A well log provides information on the rocks that were cut and the fluid that was extracted during drilling.
This data, however, has its limitations.
Well logs from different wells have different formats and scales. Moreover, these datasets are humongous. Therefore, there is a dire need to bring in Big Data solutions that can integrate data from several different sources to produce meaningful insights.
Figure 2: Oil companies can use predictive analytics to minimize the uncertainty involved in exploration and drilling.

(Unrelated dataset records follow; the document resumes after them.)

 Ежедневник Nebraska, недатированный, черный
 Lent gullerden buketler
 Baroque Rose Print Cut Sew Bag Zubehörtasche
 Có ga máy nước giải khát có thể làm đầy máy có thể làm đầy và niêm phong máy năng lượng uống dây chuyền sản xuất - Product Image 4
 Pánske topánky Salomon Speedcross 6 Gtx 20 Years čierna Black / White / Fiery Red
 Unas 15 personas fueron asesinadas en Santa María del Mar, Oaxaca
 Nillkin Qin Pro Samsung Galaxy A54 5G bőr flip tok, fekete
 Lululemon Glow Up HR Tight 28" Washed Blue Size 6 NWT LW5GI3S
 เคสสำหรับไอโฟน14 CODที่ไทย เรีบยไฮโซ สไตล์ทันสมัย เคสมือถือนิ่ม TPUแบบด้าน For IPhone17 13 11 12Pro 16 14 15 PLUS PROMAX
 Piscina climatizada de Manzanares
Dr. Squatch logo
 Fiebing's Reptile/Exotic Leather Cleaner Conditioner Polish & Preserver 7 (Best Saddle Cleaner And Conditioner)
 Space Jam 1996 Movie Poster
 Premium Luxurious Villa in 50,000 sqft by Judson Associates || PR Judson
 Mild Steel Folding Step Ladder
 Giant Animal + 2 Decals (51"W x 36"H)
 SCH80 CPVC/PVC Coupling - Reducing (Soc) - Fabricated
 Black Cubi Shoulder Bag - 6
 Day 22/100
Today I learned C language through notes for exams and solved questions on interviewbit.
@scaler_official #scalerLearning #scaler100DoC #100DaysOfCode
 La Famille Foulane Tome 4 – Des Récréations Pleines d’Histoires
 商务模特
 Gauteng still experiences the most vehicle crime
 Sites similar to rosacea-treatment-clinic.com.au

Oil drilling and extraction operations are unusually expensive. A single offshore well costs up to millions of dollars and this figure increases as the depth of the reservoir increases, requiring more complex technology.
The average cost of exploration and development for a barrel of oil ranges between 7 and 15 dollars. It, therefore, makes sense to proceed with the extraction of oil only if a reservoir has enough oil. If oil is present in small pockets, companies find it difficult to control development costs and maintain profit margins.
Oil companies need Big Data-like systems that can minimize the trial and error involved in exploration by accurately predicting information about any reservoir i.e. amount of oil present, the texture of the rock, etc.
For this purpose, companies can use data collected during drilling operations.
Drilling involves the use of extensive machinery, measurement devices and manpower, all of which capture data in different forms: videos, images and structured data.
Hadoop-like solutions can be employed to carry out predictive analytics using this data. Predictive analytics can minimize the uncertainty factor involved in exploring and drilling oil.
Now the question is how can Big Data solutions possibly help when the drilling environments vary so widely?
The answer lies in the fact that grains of similar rocks behave similarly everywhere. So, the grains may not be laid down the exact same way in any two sites, but the lessons learned in one site can be extrapolated to the other.
Big Data solutions can integrate all the information available across thousands of reservoirs across the globe. If oil is to be drilled in a new site, this data can be used to find the best possible method to drill it. Predictive analytics can take into account the local conditions and identify how to proceed.
Companies can install IoT sensors in equipment and track the drilling process in real-time to minimize or altogether prevent any potential danger.
These sensors track all elements that impact products such as wave heights, temperature, humidity, etc.
These sensors also monitor the equipment used in extraction to prevent any unplanned downtime. Companies can schedule preventative maintenance for all equipment and prolong their shelf-life. Such a pro-active approach can help companies reduce the cost of operations significantly.
Petronas, one of the leading oil and gas major from Malaysia, has taken a big leap in this direction. The company has partnered with Aspen Technology, an asset optimization software company to optimize operations at its facility in Pengerang, Johor.
Big Data solutions can also play a crucial role when it comes to audits. Safety, compliance and audit checks are common to any oil and gas company.
If audits are done digitally, anyone in the company can monitor an audit in real-time and check its impact to find if it was done correctly.
They can answer questions such as “How many times a particular filter was changed” or “When was the last health check-up done” in a jiffy.
Companies can also collate data from day-to-day operations and figure out ways to reduce costs, wherever possible.
There are real-life examples of solutions like GDS Ware that are helping oil and gas companies optimize their daily operations. Companies can gather real-time data across a team of professionals that can be instantly used for decision making.
With so many use-cases, Big Data sure comes as a disruptive factor in the oil and gas industry. Companies need to tackle inertia, lack of technical-know-how and bring in appropriate changes at technology and manpower level to harness its potential to the maximum.